If you don't undestand a programm, you should just read the man page. It's faster the me explaining every switch I used here.
http://unixhelp.ed.ac.uk/CGI/man-cgi?sh
http://unixhelp.ed.ac.uk/CGI/man-cgi?test
http://unixhelp.ed.ac.uk/CGI/man-cgi?grep
http://unixhelp.ed.ac.uk/CGI/man-cgi?wget
sam2332, Unknown - Thu, 24 Sep 2009 06:11
well i finished my program
its in a lanuage called autoit
its kinda slow but ill post the source so maybe someone can improve on it
http://dl.getdropbox.com/u/226498/script/4chan_img_downloader.au3
Marvlarv, United States - Wed, 21 Oct 2009 20:09
egrep 'http://(img|cgi).4chan.org/[a-z0-9]+/src/(cb-nws/)?([0-9]*).(jpg|png|gif)' "$TMP" -o > "$TMP2"
if u change it to this egrep 'http://(img|cgi|www).*chan.org/[a-z0-9]+/src/(cb-nws/)?([0-9]*).(jpg|png|gif)' "$TMP" -o > "$TMP2"
it would add support to the other chans like 99chan, or 7chan, or 711chan, etc.

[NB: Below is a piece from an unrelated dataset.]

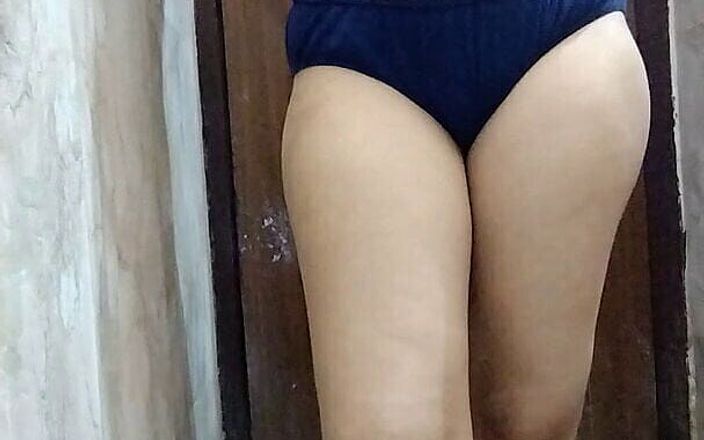 Seeing the Bengali girl's novel, the buff asked for a video of the hot novel.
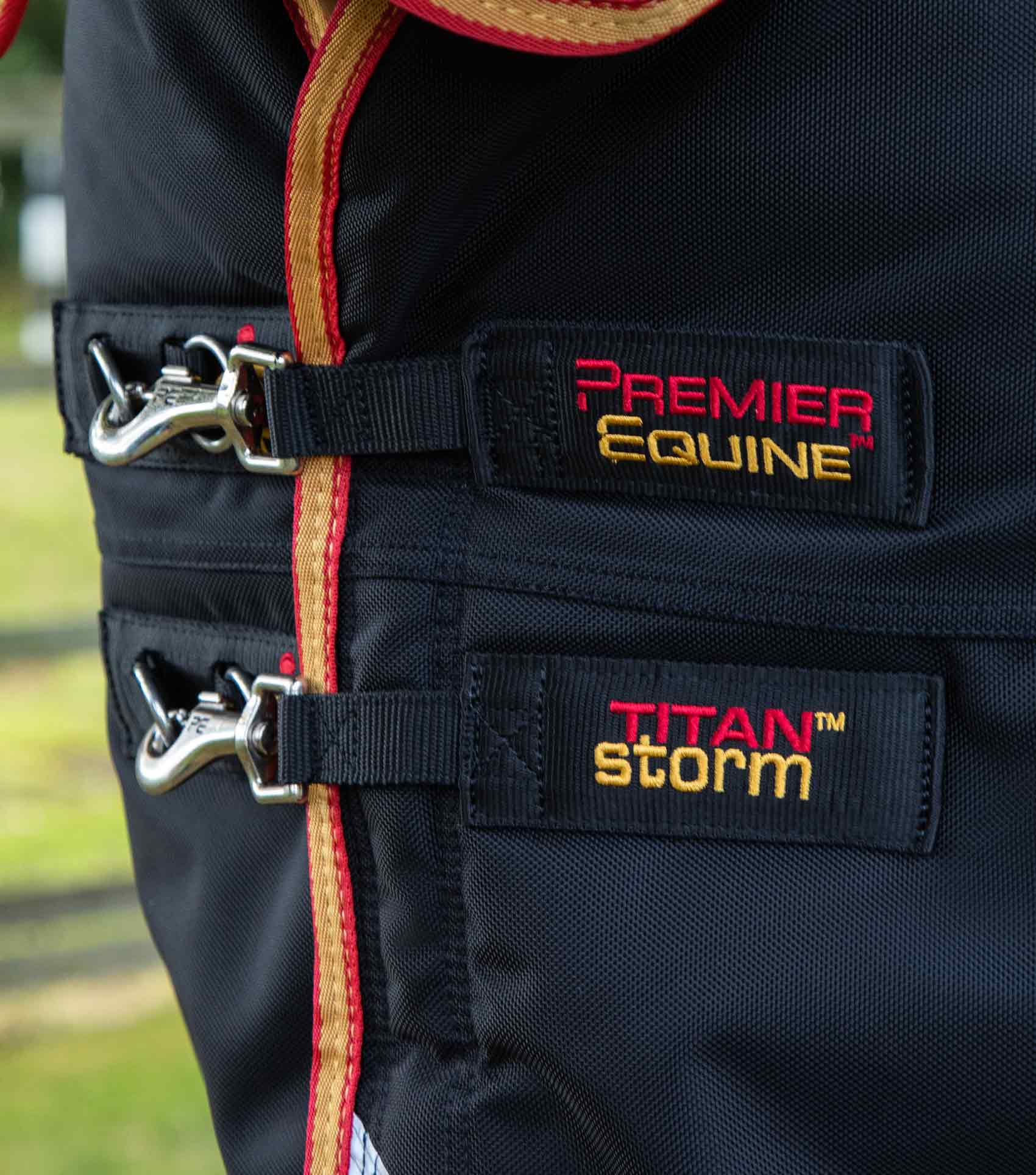 Titan Storm 450g Combo Turnout Rug with Snug-Fit Neck Black - Image 3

You get the picture. Thanks for the script
efre, Unknown - Sun, 28 Feb 2010 05:29
I love this script. Thanks :)
Anton Eliasson, Sweden - Mon, 02 Aug 2010 18:53
Greetings!
I've modified your script to save all images in a thread, preserving the original filenames. This is great if you're downloading whole sets of images or other OC. Is it okay with you if I publish it under the terms of GNU GPL v3?
Daniel, Austria - Mon, 02 Aug 2010 19:47
@Anton Eliasson: Sure, go ahead
Anton Eliasson, Sweden - Tue, 03 Aug 2010 22:01
Great, it's up now. You'll find it here: http://antoneliasson.wordpress.com/2010/08/03/4chan-download-script/
I also added a few comments in the script to make it easier to understand.